Con cariño para quién me enseñó que

“yo no nací pa´pobre, me gusta todo lo bueno”

Camino de Guanajuato

Que pasas por tanto pueblo

No pases por Salamanca

Que ahí me hiere el recuerdo

Vete rodeando veredas

No pases porque me muero

José Alfredo Jiménez, Caminos de Guanajuato

“Cantinero que todo lo sabes, he venido a pedirte un consejo, pero quiero que tú no me engañes, no me digas que no eres parejo”, siempre que empezaba a escuchar la canción “El cantinero” por mi mente pasaba no solo la llegada de José Alfredo Jiménez a la cantina, imaginaba el afecto que le tenía el encargado de la barra, y el momento exacto donde se retiraban juntos a seguir la fiesta y así entre tequila y tequila abrazados, curar el dolor del mal amor. Y es que a quién no le hubiera encantado agarrar la jarra con El rey.

No crecí escuchando a “El hijo del pueblo” fue hasta el año 2000 que entraron a mi vida una detrás de otra, con un gran impacto, no importa si es mañana, tarde o noche escuchar a “Fellito” como le decían los cuates es motivo de alegría, de de puritita fiesta.

Un día como hoy pero de 1926 en Dolores Hidalgo nació la leyenda, que con sus canciones sencillas de situaciones cotidianas, pero expresadas con un desbordante sentimiento en cada estrofa nos parte el alma, aún que no tengamos el tequila al lado ni el corazón roto.

Con más de trescientas canciones y aunque nunca se consideró buen actor en un lapso de veinte años participó en veintitrés películas.

En sus melodías cualquier pena encuentra un abrazo, en una copa de vino o en la botella entera y la cantina se convierte en un tipo de confesionario donde te libran de tus penas y sales libre en busca de unas cuantas nuevas.

El sentimiento que encontramos al escucharlo no envejece, al contrario se vuelve inmortal.

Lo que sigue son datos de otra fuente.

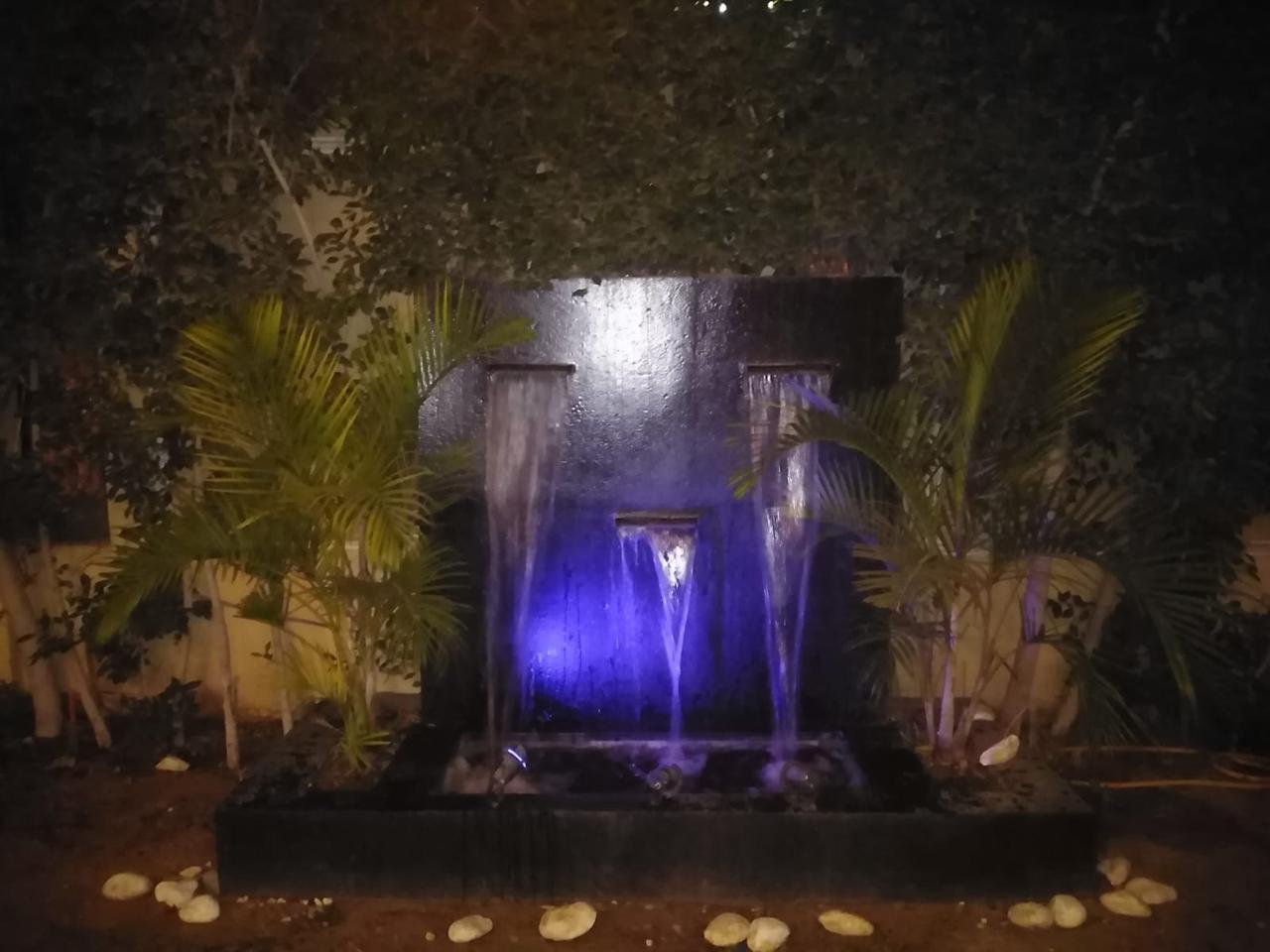 فيلا فاخرة للبيع – الحي الرابع، مدينة الشروق**الموقع:* بجوار نادي هليوبوليس وأما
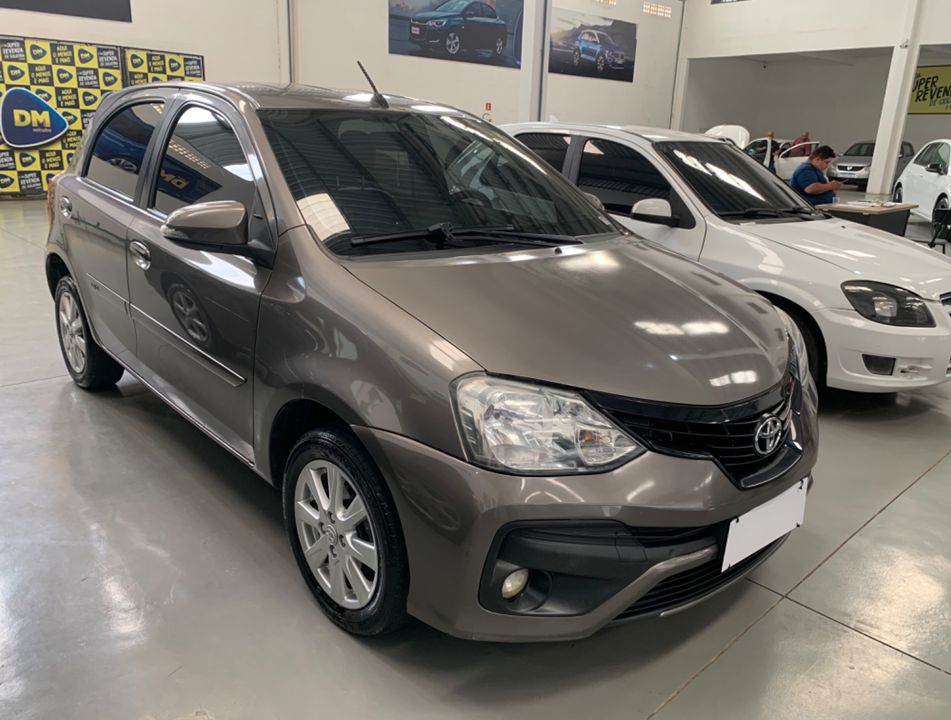 Toyota ETIOS X Plus 1.5 Flex 16V 5p Aut.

Y es que aunque en muchas de sus canciones se resalta el arquetipo del charro, mujeriego, galán, enamorado y mal correspondido, hay letras que nos llegan al alma, o a poco me va a negar que no siente nada al escuchar “Me cansé de rogarle, me cansé de decirle que yo, sin ella, de pena muero” que si ahorita nosotros fuéramos el cantinero sería el tan famoso “Amigo date cuenta” porque ya sabemos que ni con el olvido “al estilo Jalisco” entendería que no lo quieren, y que el mariachi y los tequilas solo lo harían llorar más.

Y es que cuanta razón tenía José Alfredo, basta solo con escuchar la rola “El coyote” que era un bandido nacido allá por mi tierra, lo conocí desde niño fuimos juntos a la escuela…de esos traicioneros que ya les conocemos las jugadas a matar.

Con un “Caminos de Guanajuato”, “Corrido a Mazatlán”, “Tú y las nubes”, “El jinete”, “Ella”, o “Paloma querida”, escuchar su música siempre va ser la excusa perfecta para brindar.